Aim of the exercise
Without changing anything, set down every line shown below.
Entries supplied Start Marker
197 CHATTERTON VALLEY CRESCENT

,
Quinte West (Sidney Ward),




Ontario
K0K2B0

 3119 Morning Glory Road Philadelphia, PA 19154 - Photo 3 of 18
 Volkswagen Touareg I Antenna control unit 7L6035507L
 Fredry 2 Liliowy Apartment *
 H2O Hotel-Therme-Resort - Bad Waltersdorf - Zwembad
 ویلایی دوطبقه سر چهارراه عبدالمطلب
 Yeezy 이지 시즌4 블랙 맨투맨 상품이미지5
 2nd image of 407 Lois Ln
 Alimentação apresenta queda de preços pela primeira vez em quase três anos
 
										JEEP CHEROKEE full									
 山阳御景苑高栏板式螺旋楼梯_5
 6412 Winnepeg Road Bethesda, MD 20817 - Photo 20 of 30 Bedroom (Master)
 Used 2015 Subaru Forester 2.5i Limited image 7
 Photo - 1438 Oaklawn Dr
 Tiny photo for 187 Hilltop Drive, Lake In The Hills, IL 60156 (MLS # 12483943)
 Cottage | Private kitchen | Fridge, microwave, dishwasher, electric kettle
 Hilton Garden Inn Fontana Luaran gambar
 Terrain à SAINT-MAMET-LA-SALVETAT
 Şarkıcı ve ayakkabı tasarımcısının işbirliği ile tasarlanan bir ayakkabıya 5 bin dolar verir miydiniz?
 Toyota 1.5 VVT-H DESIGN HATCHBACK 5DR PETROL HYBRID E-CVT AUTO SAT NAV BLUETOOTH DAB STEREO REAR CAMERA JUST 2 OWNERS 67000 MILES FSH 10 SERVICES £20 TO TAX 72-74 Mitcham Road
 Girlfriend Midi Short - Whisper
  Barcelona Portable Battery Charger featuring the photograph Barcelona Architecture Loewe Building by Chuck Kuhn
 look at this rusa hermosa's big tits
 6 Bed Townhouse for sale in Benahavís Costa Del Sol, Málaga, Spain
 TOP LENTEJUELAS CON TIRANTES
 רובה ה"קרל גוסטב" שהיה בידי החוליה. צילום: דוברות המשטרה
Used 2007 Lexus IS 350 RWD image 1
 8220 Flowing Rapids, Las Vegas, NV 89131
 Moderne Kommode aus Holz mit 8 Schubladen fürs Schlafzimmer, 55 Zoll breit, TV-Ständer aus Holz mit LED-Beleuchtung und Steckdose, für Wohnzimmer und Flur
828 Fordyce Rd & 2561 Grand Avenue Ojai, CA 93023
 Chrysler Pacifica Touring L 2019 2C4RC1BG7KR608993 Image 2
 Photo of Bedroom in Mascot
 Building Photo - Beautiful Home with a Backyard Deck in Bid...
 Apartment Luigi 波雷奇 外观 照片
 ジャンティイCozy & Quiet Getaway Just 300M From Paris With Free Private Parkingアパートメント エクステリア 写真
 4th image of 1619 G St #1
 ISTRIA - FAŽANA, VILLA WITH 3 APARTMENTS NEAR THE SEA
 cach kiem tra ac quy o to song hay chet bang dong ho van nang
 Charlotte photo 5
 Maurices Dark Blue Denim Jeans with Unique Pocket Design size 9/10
Entries supplied End Marker
Exercise result
197 CHATTERTON VALLEY CRESCENT

,
Quinte West (Sidney Ward),




Ontario
K0K2B0

 3119 Morning Glory Road Philadelphia, PA 19154 - Photo 3 of 18
 Volkswagen Touareg I Antenna control unit 7L6035507L
 Fredry 2 Liliowy Apartment *
 H2O Hotel-Therme-Resort - Bad Waltersdorf - Zwembad
 ویلایی دوطبقه سر چهارراه عبدالمطلب
 Yeezy 이지 시즌4 블랙 맨투맨 상품이미지5
 2nd image of 407 Lois Ln
 Alimentação apresenta queda de preços pela primeira vez em quase três anos
 
										JEEP CHEROKEE full									
 山阳御景苑高栏板式螺旋楼梯_5
 6412 Winnepeg Road Bethesda, MD 20817 - Photo 20 of 30 Bedroom (Master)
 Used 2015 Subaru Forester 2.5i Limited image 7
 Photo - 1438 Oaklawn Dr
 Tiny photo for 187 Hilltop Drive, Lake In The Hills, IL 60156 (MLS # 12483943)
 Cottage | Private kitchen | Fridge, microwave, dishwasher, electric kettle
 Hilton Garden Inn Fontana Luaran gambar
 Terrain à SAINT-MAMET-LA-SALVETAT
 Şarkıcı ve ayakkabı tasarımcısının işbirliği ile tasarlanan bir ayakkabıya 5 bin dolar verir miydiniz?
 Toyota 1.5 VVT-H DESIGN HATCHBACK 5DR PETROL HYBRID E-CVT AUTO SAT NAV BLUETOOTH DAB STEREO REAR CAMERA JUST 2 OWNERS 67000 MILES FSH 10 SERVICES £20 TO TAX 72-74 Mitcham Road
 Girlfriend Midi Short - Whisper
  Barcelona Portable Battery Charger featuring the photograph Barcelona Architecture Loewe Building by Chuck Kuhn
 look at this rusa hermosa's big tits
 6 Bed Townhouse for sale in Benahavís Costa Del Sol, Málaga, Spain
 TOP LENTEJUELAS CON TIRANTES
 רובה ה"קרל גוסטב" שהיה בידי החוליה. צילום: דוברות המשטרה
Used 2007 Lexus IS 350 RWD image 1
 8220 Flowing Rapids, Las Vegas, NV 89131
 Moderne Kommode aus Holz mit 8 Schubladen fürs Schlafzimmer, 55 Zoll breit, TV-Ständer aus Holz mit LED-Beleuchtung und Steckdose, für Wohnzimmer und Flur
828 Fordyce Rd & 2561 Grand Avenue Ojai, CA 93023
 Chrysler Pacifica Touring L 2019 2C4RC1BG7KR608993 Image 2
 Photo of Bedroom in Mascot
 Building Photo - Beautiful Home with a Backyard Deck in Bid...
 Apartment Luigi 波雷奇 外观 照片
 ジャンティイCozy & Quiet Getaway Just 300M From Paris With Free Private Parkingアパートメント エクステリア 写真
 4th image of 1619 G St #1
 ISTRIA - FAŽANA, VILLA WITH 3 APARTMENTS NEAR THE SEA
 cach kiem tra ac quy o to song hay chet bang dong ho van nang
 Charlotte photo 5
 Maurices Dark Blue Denim Jeans with Unique Pocket Design size 9/10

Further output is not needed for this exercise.